Vous ne pouvez dire à l'avance par exemple, que si la quantité
de monnaie s'accroît de 100 %, l'unité monétaire perdra
50 % de sa valeur, car, nous le savons, la valeur de la monnaie dépend
surtout des évaluations subjectives des hommes qui la
possèdent. Et ces évaluations ne dépendent pas seulement
de la quantité que chacun en détient. Elle dépend aussi
de la qualité de la monnaie. En temps de guerre, la valeur de
l'unité monétaire d'une nation, non rattachée à
l'or, s'élèvera sur le marché des changes avec la
victoire et tombera avec la défaite, sans tenir compte des changements
survenus dans le volume de sa circulation. L'évaluation présente
dépend parfois de l'impression qu'on a de ce que sera son volume futur.
Et, comme il arrive pour les opérations spéculatives dans les
Bourses de marchandises, chacun voit l'évaluation qu'il donne à
la monnaie subir l'influence, non seulement de sa propre opinion, mais de ce
qu'il croit que sera celle des autres.
Tout
cela explique pourquoi, lorsqu'une fois la super-inflation est
installée, la valeur de l'unité monétaire
décroît à un rythme beaucoup plus rapide que la
quantité de monnaie ne s'accroît réellement, ou ne risque
de s'accroître. Quand on atteint ce stade, le désastre n'est pas
loin d'être complet, et l'on en est à la banqueroute.
4
Et
pourtant, l'engouement pour l'inflation ne cesse pas. On dirait qu'aucun pays
n'est capable de profiter de l'expérience d'un autre, et qu'aucune
génération n'est capable d'apprendre la leçon à
tirer des souffrances de ses prédécesseurs. Chaque
génération, chaque pays, poursuit le même mirage. Chacun
cherche à étreindre cette rose de Jéricho qui se fond en
poussière et en cendres dans la main. Car il est dans la nature
même de l'inflation de donner naissance à des illusions sans
nombre.
De
nos jours l'argument favori en faveur de l'inflation est qu'elle va remettre
en marche les rouages de l'industrie, qu'elle va nous sauver des pertes
irréparables de la dépression et du chômage et nous
apporter le « plein emploi ».
Ce
raisonnement dans sa forme la plus simpliste repose toujours sur la fameuse
et immorale confusion entre la monnaie et la véritable richesse.

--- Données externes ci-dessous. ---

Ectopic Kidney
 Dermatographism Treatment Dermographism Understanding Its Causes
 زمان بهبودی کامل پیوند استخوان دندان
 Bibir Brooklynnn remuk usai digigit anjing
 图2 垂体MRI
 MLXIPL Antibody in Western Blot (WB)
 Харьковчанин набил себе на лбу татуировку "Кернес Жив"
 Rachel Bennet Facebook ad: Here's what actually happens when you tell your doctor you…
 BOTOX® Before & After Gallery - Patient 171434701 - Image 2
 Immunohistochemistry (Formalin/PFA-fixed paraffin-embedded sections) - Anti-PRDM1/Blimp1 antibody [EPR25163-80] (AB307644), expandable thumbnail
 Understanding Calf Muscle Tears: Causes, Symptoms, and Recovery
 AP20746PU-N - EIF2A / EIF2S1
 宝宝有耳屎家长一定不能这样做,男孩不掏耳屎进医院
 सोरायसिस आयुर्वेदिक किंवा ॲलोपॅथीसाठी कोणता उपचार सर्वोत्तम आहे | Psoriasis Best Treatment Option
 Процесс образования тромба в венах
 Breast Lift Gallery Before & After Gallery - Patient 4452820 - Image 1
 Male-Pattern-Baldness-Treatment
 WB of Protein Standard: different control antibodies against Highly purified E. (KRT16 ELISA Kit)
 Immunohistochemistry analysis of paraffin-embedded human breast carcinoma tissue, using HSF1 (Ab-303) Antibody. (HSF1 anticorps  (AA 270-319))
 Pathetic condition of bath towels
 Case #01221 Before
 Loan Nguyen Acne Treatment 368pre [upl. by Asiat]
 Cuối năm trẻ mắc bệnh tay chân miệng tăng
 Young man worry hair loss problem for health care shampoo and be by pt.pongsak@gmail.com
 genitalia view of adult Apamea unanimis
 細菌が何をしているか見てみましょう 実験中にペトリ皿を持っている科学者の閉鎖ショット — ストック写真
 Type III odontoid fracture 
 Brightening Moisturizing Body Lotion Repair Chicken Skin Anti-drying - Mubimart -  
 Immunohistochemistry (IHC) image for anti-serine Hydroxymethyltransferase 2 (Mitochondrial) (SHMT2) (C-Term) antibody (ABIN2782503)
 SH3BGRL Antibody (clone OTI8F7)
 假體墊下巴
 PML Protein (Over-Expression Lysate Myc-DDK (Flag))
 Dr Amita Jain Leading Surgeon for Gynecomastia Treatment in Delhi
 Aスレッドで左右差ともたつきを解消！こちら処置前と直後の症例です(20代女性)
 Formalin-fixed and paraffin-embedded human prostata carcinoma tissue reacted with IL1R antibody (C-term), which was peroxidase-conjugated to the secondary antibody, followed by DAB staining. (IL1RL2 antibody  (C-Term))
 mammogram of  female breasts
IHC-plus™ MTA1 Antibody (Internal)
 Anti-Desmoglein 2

Il
affirme qu'on va recréer un nouveau pouvoir d'achat et que les effets
bienfaisants de ce nouveau pouvoir d'achat vont se multiplier et
s'étendre en cercles de plus en plus larges comme ceux que fait une
pierre jetée dans l'eau. Le véritable pouvoir d'achat n'est pas
là, nous l'avons vu ; il consiste à fabriquer de nouveaux
produits. Il ne peut être accru simplement parce qu'on aura
frappé de nouvelles pièces, ou imprimé de nouveaux
papiers appelés dollars. Dans une économie d'échange, le
processus fondamental consiste en ce que A échange les produits qu'il
vient de fabriquer contre ceux que B vient de fabriquer aussi [3].
Ce
que l'inflation accomplit vraiment, c'est qu'elle change les rapports entre
les prix et les coûts de production. On lui demande avant tout de faire
monter les prix des marchandises en fonction des salaires, afin de restaurer
le produit et encourager l'investissement de capitaux dans les secteurs
où se trouvent des ressources oisives, rétablissant ainsi un
rapport possible entre les prix et les coûts de production.
Il
est facile de comprendre qu'on obtiendrait ce résultat beaucoup plus
facilement et plus honnêtement par une réduction du taux des
salaires. Mais les partisans les plus savants de l'inflation vous
démontrerons que, pour des raisons politiques, c'est une chose tout
à fait impossible. Ils vont même parfois plus loin et ils
accusent ceux qui, pour tenter de résorber le chômage proposent
de réduire les salaires, d'être « contre la classe
ouvrière ». Pourtant ce qu'ils proposent, eux, disons-le tout
net, c'est de la tromper, puisqu'ils préconisent de réduire les
salaires réels (c'est-à-dire le pouvoir d'achat) par une
augmentation des prix.
Ils
oublient que la classe ouvrière est maintenant très avertie des
problèmes du travail. Les syndicats les plus puissants qui la dirigent
possèdent des corps d'économistes qui suivent les indices des
prix et qui ne laissent pas tromper l'ouvrier ; dans les conditions actuelles,
la tactique qu'ils préconisent est incapable d'atteindre leurs buts
économiques et politiques. Car ce sont précisément les
syndicats les plus puissants, ceux dont les salaires auraient besoin
d'être le plus réduits, qui lutteront le plus pour les faire monter
jusqu'au niveau de n'importe quelle hausse de l'indice du coût de la
vie. Tant que cette influence des puissants syndicats prévaudra, les
relations entre les salaires et les prix seront paralysées. Et
l'échelle des salaires, dont la structure est déjà
déformée, le sera de plus en plus, car la grande masse des
travailleurs non syndiqués, dont les taux de salaires, même
avant l'inflation n'étaient pas au niveau de ceux des autres (et
peuvent même avoir encore été indûment
réduits de par l'intransigeance des syndicats) seront encore plus
déprimés pendant la période de transition à cause
de la montée des prix.
5
Les
avocats les plus retors de l'inflation, en bref, ne sont pas sincères.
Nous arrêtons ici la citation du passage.